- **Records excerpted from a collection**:
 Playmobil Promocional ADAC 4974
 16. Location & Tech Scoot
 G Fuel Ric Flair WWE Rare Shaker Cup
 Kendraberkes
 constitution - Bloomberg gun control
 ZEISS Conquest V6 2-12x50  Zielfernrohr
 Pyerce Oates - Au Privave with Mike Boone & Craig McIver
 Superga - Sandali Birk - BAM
...
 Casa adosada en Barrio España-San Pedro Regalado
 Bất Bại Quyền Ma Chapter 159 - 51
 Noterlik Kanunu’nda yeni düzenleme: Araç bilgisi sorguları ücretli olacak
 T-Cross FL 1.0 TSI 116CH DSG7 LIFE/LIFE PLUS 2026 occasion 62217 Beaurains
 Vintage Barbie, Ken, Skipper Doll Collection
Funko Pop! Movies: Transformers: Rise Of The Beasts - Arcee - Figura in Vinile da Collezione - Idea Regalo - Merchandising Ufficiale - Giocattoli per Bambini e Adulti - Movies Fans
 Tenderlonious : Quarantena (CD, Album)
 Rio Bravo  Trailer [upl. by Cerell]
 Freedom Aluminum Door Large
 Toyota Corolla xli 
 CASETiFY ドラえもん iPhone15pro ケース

- **What this task involves**:
The response must hold only the lines above from the line with "Playmobil Promocional ADAC 4974" through the line with "Superga - Sandali Birk - BAM", each copied exactly, both ends kept.

- **Solution to this task**:
 Playmobil Promocional ADAC 4974
 16. Location & Tech Scoot
 G Fuel Ric Flair WWE Rare Shaker Cup
 Kendraberkes
 constitution - Bloomberg gun control
 ZEISS Conquest V6 2-12x50  Zielfernrohr
 Pyerce Oates - Au Privave with Mike Boone & Craig McIver
 Superga - Sandali Birk - BAM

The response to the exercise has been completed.